### Task to carry out
Check each line below for the word "Light", then please report how many lines have it and nothing more.

+ + + + + + +

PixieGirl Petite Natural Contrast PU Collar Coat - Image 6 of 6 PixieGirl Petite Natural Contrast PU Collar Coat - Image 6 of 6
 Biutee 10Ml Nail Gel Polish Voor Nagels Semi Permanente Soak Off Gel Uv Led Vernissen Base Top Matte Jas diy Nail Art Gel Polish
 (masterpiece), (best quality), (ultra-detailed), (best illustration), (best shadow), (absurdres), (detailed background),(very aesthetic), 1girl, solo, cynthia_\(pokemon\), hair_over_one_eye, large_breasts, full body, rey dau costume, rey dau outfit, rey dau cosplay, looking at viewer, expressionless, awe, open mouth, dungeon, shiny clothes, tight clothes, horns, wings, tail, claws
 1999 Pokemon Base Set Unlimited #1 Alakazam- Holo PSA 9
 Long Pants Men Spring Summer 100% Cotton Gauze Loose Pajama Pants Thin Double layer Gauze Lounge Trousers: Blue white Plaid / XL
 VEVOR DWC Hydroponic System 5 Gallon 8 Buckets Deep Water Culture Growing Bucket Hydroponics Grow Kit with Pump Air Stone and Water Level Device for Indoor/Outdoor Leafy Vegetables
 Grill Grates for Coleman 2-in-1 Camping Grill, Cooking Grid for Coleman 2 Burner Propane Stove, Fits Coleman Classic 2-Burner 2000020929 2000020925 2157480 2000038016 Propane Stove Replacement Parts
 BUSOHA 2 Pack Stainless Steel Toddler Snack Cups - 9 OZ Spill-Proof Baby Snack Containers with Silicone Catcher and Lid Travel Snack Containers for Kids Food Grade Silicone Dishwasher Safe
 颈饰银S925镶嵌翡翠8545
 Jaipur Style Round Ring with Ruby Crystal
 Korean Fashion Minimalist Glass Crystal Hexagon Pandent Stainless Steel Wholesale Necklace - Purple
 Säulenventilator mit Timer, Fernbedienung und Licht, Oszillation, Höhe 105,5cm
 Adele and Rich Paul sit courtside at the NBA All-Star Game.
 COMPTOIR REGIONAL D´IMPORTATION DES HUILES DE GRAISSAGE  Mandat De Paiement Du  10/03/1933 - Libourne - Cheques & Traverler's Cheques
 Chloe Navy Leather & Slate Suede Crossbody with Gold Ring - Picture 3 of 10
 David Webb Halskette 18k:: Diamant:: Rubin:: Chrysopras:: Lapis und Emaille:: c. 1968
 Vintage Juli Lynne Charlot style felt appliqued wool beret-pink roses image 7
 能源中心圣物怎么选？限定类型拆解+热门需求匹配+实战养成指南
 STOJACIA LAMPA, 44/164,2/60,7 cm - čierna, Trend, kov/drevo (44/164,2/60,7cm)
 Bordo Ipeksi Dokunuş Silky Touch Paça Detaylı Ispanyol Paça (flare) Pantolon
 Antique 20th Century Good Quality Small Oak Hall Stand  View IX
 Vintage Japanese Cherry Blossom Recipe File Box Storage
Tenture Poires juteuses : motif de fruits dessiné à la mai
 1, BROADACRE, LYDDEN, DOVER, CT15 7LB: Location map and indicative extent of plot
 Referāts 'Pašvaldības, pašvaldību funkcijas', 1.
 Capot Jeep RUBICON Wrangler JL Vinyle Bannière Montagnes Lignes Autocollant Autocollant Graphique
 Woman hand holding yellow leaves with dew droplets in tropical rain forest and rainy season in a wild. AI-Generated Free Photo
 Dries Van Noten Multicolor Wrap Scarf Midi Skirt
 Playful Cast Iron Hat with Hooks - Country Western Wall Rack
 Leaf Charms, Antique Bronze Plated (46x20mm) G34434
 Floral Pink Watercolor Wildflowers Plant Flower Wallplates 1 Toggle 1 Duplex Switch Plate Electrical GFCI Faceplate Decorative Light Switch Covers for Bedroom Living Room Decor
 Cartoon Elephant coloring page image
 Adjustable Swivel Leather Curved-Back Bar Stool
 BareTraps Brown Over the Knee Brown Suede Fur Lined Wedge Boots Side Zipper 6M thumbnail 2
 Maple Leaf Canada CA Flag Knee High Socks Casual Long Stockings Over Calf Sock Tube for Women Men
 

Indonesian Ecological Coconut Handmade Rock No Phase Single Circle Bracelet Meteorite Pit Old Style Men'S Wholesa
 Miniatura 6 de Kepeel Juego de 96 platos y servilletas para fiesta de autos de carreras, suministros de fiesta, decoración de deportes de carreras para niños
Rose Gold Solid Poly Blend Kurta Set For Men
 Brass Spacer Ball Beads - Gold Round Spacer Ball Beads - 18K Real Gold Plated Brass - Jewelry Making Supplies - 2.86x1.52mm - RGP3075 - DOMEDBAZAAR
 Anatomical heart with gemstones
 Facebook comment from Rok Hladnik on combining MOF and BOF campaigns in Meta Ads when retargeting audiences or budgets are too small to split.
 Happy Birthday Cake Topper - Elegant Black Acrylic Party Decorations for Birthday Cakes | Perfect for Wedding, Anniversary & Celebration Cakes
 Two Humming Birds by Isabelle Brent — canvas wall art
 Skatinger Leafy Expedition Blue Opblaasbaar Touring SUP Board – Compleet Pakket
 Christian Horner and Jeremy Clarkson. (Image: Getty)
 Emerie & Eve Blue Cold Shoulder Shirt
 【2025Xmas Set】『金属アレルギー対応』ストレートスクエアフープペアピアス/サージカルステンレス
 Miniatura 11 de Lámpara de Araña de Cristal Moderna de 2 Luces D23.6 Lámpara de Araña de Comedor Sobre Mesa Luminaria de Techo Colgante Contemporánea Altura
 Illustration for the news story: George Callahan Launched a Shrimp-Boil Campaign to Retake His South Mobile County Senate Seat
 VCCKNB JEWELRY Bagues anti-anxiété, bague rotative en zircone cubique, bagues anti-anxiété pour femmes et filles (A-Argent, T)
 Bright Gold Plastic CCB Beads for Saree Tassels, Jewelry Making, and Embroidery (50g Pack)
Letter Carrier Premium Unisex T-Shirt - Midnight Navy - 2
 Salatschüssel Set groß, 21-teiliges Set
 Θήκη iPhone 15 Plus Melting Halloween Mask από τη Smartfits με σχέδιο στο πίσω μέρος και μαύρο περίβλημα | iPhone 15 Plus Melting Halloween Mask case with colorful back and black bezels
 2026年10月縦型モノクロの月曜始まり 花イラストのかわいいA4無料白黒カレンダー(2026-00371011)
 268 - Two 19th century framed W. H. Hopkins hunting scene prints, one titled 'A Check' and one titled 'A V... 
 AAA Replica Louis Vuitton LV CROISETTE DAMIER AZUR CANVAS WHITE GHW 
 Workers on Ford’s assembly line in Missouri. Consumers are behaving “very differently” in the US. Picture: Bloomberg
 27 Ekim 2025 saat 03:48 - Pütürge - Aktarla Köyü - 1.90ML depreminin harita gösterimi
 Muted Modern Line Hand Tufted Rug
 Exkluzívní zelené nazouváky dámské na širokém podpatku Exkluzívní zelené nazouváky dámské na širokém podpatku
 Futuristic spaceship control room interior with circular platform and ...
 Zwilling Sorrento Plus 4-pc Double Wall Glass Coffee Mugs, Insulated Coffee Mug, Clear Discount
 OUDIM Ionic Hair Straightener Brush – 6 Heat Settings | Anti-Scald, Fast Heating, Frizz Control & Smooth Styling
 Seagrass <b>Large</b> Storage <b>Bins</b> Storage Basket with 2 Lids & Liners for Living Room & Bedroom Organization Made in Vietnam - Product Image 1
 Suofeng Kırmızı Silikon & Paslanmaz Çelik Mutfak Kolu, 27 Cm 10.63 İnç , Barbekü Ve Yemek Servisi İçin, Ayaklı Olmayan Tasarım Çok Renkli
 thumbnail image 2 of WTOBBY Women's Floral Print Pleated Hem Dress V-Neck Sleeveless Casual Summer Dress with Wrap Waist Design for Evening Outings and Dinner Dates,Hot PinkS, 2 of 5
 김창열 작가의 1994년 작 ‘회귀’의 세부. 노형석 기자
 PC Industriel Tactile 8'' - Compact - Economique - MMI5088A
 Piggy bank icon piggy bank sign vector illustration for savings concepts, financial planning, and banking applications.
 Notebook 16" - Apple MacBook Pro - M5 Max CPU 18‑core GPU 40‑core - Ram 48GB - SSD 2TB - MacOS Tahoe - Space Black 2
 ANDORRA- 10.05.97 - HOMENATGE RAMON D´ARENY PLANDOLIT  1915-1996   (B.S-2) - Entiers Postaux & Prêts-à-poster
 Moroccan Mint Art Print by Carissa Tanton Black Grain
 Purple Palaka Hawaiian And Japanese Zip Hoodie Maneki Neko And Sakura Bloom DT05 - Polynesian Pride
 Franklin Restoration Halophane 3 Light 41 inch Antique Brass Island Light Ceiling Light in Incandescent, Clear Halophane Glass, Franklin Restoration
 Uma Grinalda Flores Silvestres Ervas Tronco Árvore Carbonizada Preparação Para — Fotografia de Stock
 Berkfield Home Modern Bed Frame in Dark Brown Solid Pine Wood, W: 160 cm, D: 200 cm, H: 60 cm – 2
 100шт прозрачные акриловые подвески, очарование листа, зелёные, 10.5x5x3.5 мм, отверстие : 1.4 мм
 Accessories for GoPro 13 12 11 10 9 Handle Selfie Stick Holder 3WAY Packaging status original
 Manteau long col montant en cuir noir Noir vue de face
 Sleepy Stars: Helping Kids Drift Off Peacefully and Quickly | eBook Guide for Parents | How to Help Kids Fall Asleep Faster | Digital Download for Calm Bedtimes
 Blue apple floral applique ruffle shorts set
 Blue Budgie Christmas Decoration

+ + + + + + +

### Solved exercise
2